It is important that contracts between employers and employees are honored in order to avoid disputes in court. However, things can become a little more complicated when a company with preexisting contracts with its employees is acquired by another company. This is what happened with Capital Bank, which is headquartered in Florida, when the bank was acquired by another financial institution. Several breach of contract lawsuits have been filed following the acquisition.
Many of Capital Bank's employees and its executives had change-in-control clauses that entitled them to severance packages if the acquisition of the bank causes them to lose their jobs. One executive who sued the bank argued that he was forced to surrender his change-in-control clause through coercion. After the man was later terminated, he filed a lawsuit against the bank for the $1.1 million promised in the clause. However, the court ultimately ruled in the bank's favor.

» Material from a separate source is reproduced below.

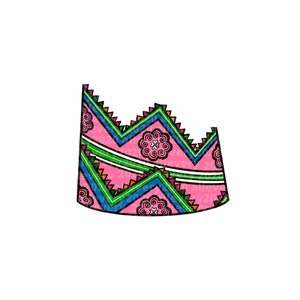May include: A pink crown with a blue, green, and orange geometric pattern. The crown has a zig-zag design with small white flowers.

More recently, two other executives who had refused to surrender their change-in-control clauses are now suing the bank following their dismissals. Their lawsuit alleges that the bank terminated the two executives because they had refused to amend their contracts. The two executives are now asking the court to force the bank to pay their change-in-control severance packages.
Like any other breach of contract lawsuit in Florida or in any other state, the two executives will now have a chance to argue their positions in front of a judge. However, the bank will also have a chance to make its case as well. The judge will ultimately decide which party has the best legal argument based upon the facts and evidence presented in court.